Maybe it was “Trapeze” on my first record, Kid Blue. I wrote it when I was 17. I think two or three years after that, there was a song called “Against My Will.” It had lines in it like “we intoxicate our lives with romance, we sober to pain, never wanting to say goodbye or go back the way we came” and “there are some things you cannot kill, I call your name against my will.” I’d dig into some deep angst and torture once in awhile starting out, when I wasn’t being a kid having fun with an amp and an electric guitar.

 

You released 2008’s Bad Little Animals on your own label, Majority of One Records. Did you find this route gave you more freedom with your songwriting?

The route came after the songs were written. I wanted to release the songs I’d recorded over a four-year period and then all of a sudden I was going on a short tour with big audiences, and needed CDs to sell. I had to put together a package with hardly any notice. I did the artwork myself, mastered it and called the label Majority of One Records since I was only person in the record “company.”

Was there ever a song you found especially difficult to write?

The ones where the track comes first and then you have to write or finish the lyrics – those are the hardest for me to write to.

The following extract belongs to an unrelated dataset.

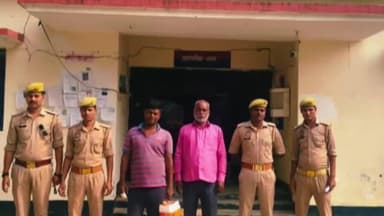 रुद्रपुर: देवरिया पुलिस ने हत्या के प्रयास के दो आरोपियों को गिरफ्तार किया, चाकू बरामद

In addition to singing and writing music, you’ve played with a variety of musicians, including playing guitar on Tears for Fears’ 1997 tour. Has that experience changed your approach to writing and composing music?

What the Tears for Fears tour gave me was that after being on the road for four months, I longed to be home and writing, and I embraced that more when I returned from it. After you play the same show every night, the longing to create something new reaches a high pitch of necessity. I think being home and writing is the soul of everything else that follows. I wrote the songs for Sometimes A Circle after that tour.

How did it feel to receive a Grammy nomination for A Holiday Carole?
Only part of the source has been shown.